Dataset entries:

• • • • •

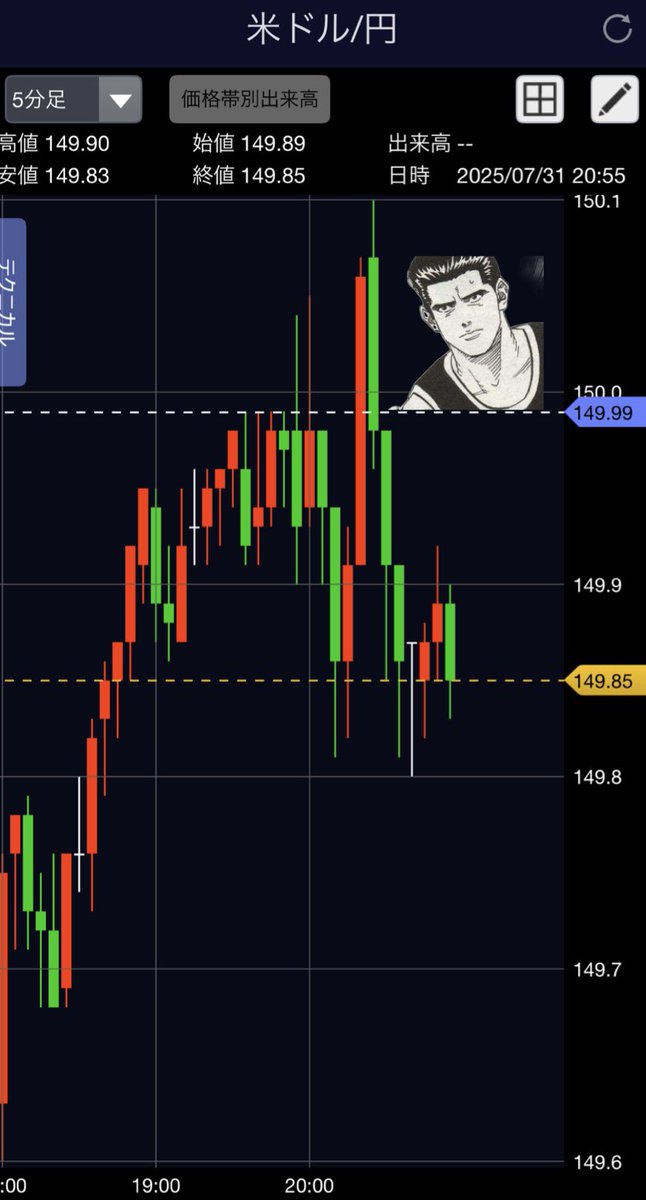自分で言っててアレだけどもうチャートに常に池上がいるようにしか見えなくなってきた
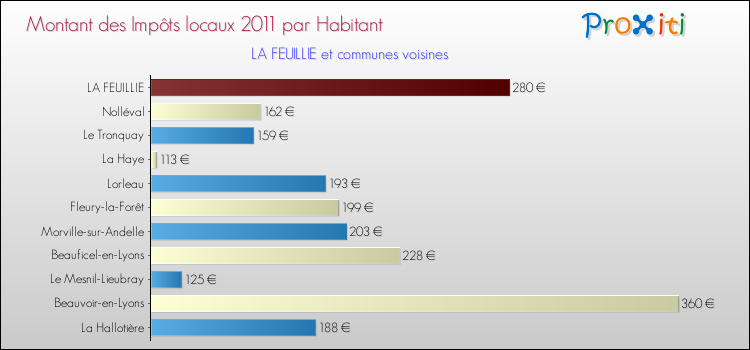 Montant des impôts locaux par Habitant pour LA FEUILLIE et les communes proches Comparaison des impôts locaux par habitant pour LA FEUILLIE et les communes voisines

• • • • •

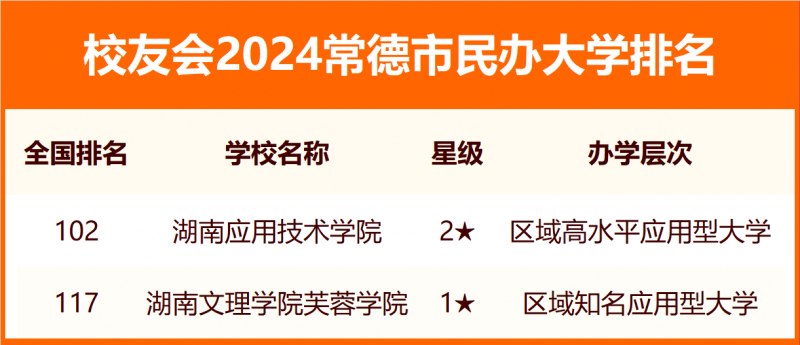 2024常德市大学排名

• • • • •

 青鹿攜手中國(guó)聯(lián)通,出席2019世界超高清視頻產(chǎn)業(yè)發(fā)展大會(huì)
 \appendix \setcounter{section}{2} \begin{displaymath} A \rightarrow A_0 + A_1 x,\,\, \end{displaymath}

• • • • •

Work to complete: Look above for the line containing "青鹿攜手中國(guó)聯(l". Output from there through the line containing "A \rightarrow A_0", exactly and inclusively.

Result of the task:
 青鹿攜手中國(guó)聯(lián)通,出席2019世界超高清視頻產(chǎn)業(yè)發(fā)展大會(huì)
 \appendix \setcounter{section}{2} \begin{displaymath} A \rightarrow A_0 + A_1 x,\,\, \end{displaymath}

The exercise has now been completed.